Brief: Type the entries out again exactly as they read, but leave every picture behind.

Captioned web image data:
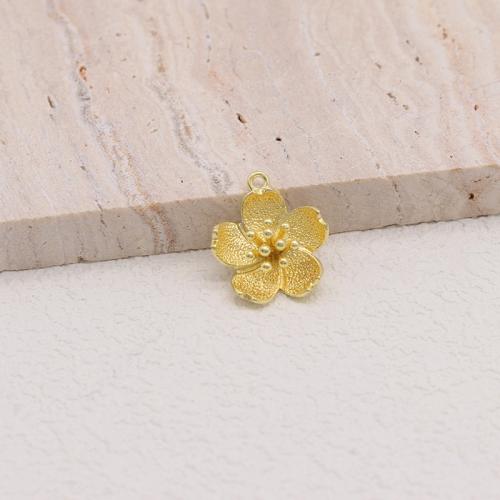 Monili d'ottone Ciondoli, ottone, Fiore, placcato, DIY, dorato, Venduto da PC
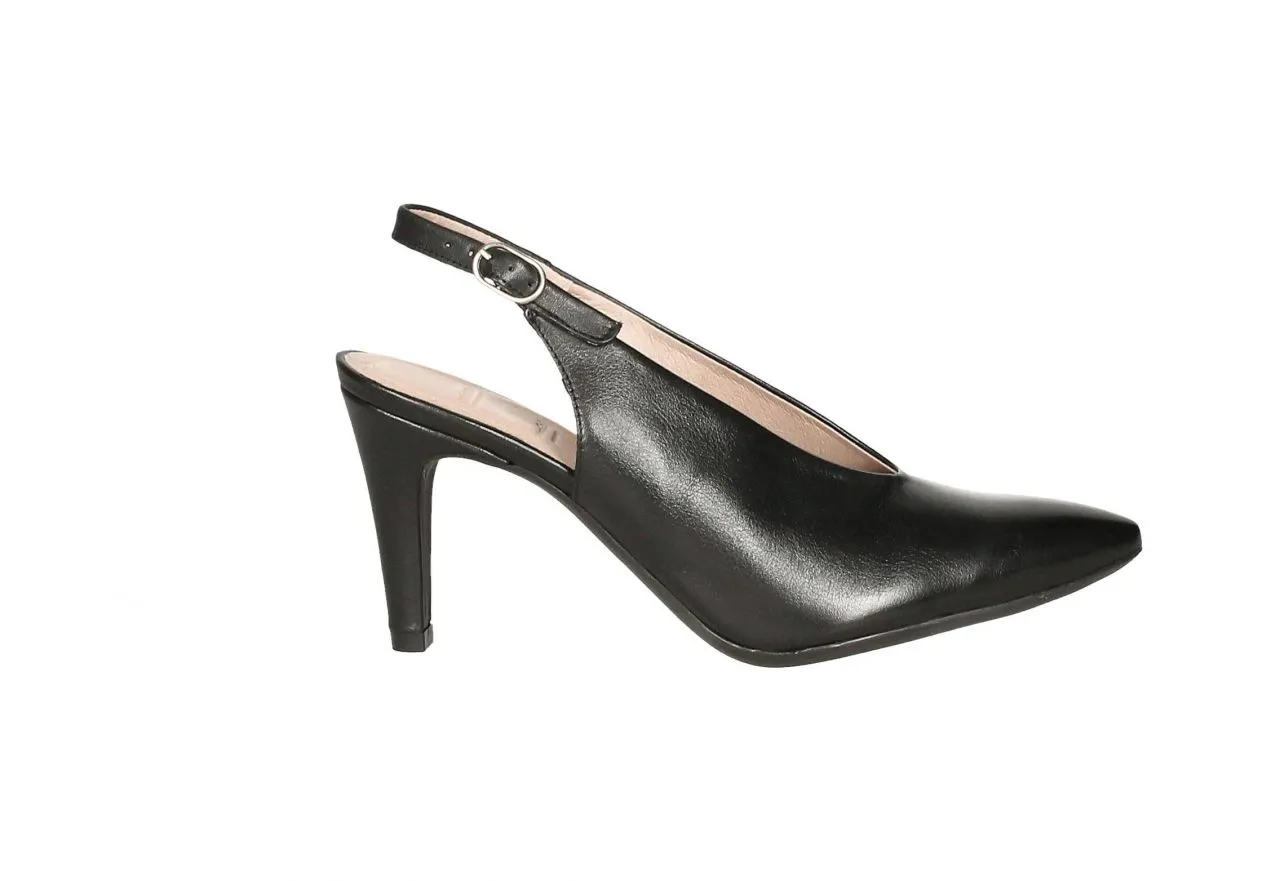Zapato Talon Abierto Piel Negro Tacon Alto
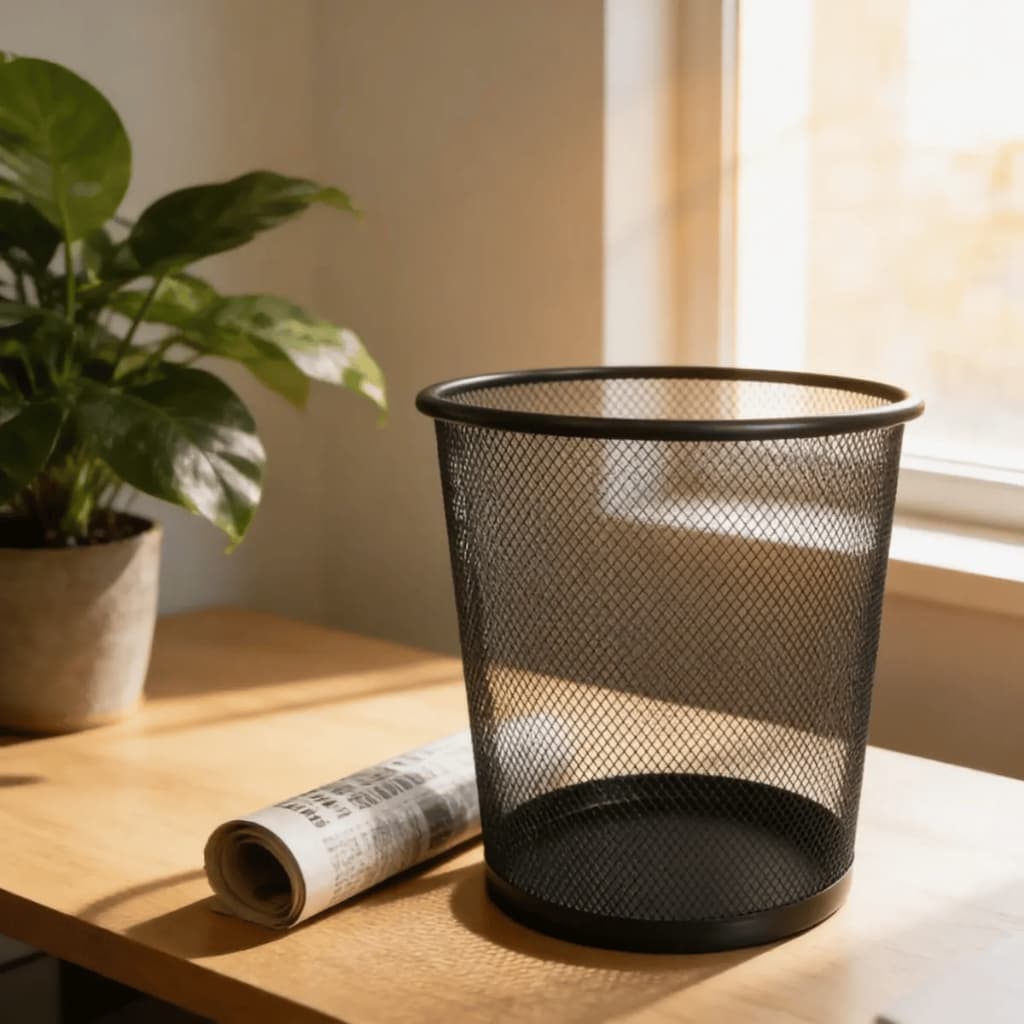 Cesto Lixeira Metal Telada 10L Design Moderno Escritório Banheiro Quarto Resistente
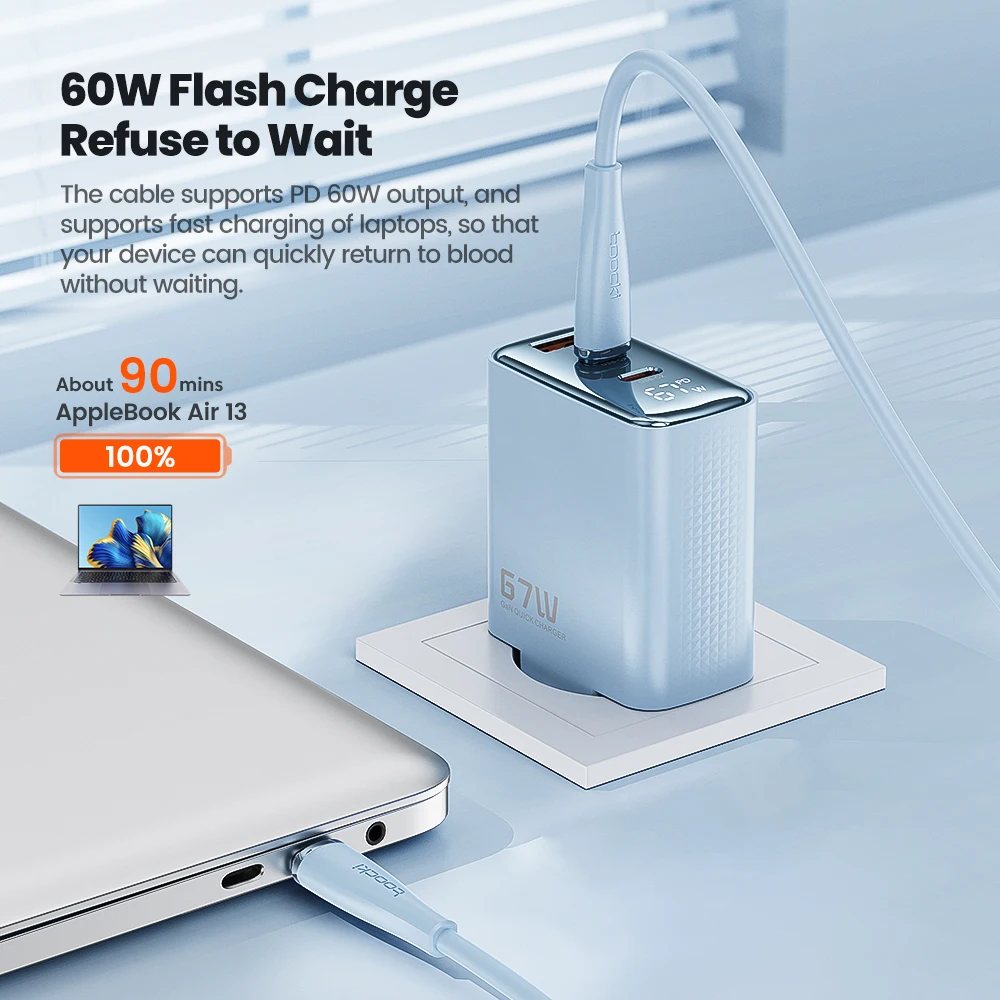 Toocki 60W USB C Cable Fast Charging Type C To Type C Cable For iPhone 15 Pro Samsung S24 Xiaomi Huawei Applebook Soft Data Cord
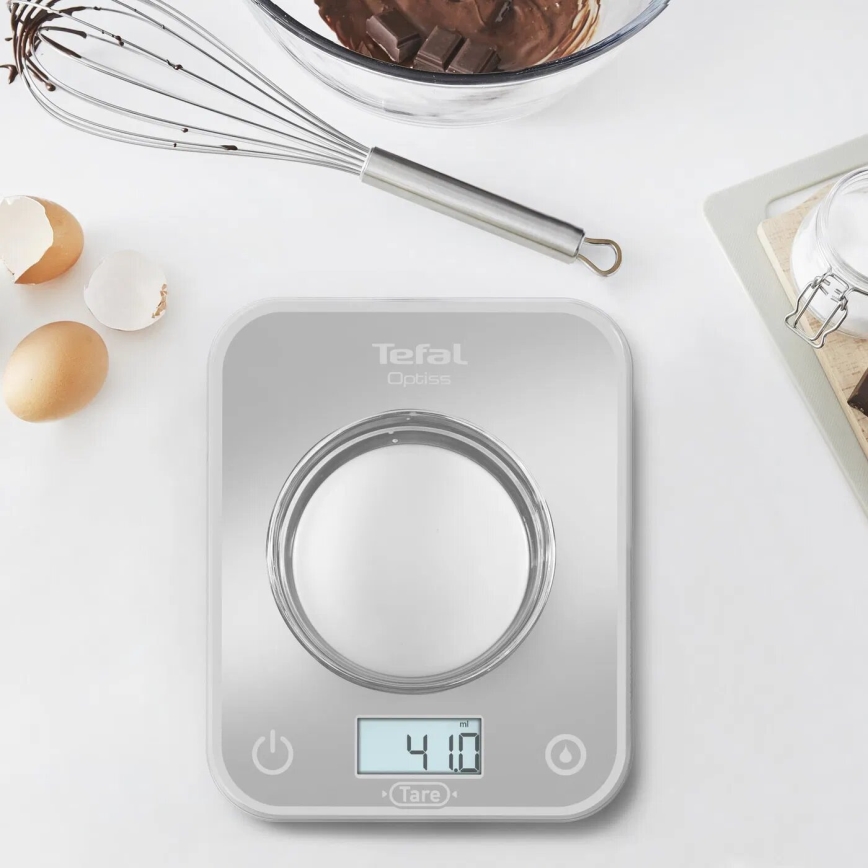 Tefal - Keittiövaaka OPTISS 2xAAA harmaa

The answer:
 Monili d'ottone Ciondoli, ottone, Fiore, placcato, DIY, dorato, Venduto da PC
Zapato Talon Abierto Piel Negro Tacon Alto
 Cesto Lixeira Metal Telada 10L Design Moderno Escritório Banheiro Quarto Resistente
 Toocki 60W USB C Cable Fast Charging Type C To Type C Cable For iPhone 15 Pro Samsung S24 Xiaomi Huawei Applebook Soft Data Cord
 Tefal - Keittiövaaka OPTISS 2xAAA harmaa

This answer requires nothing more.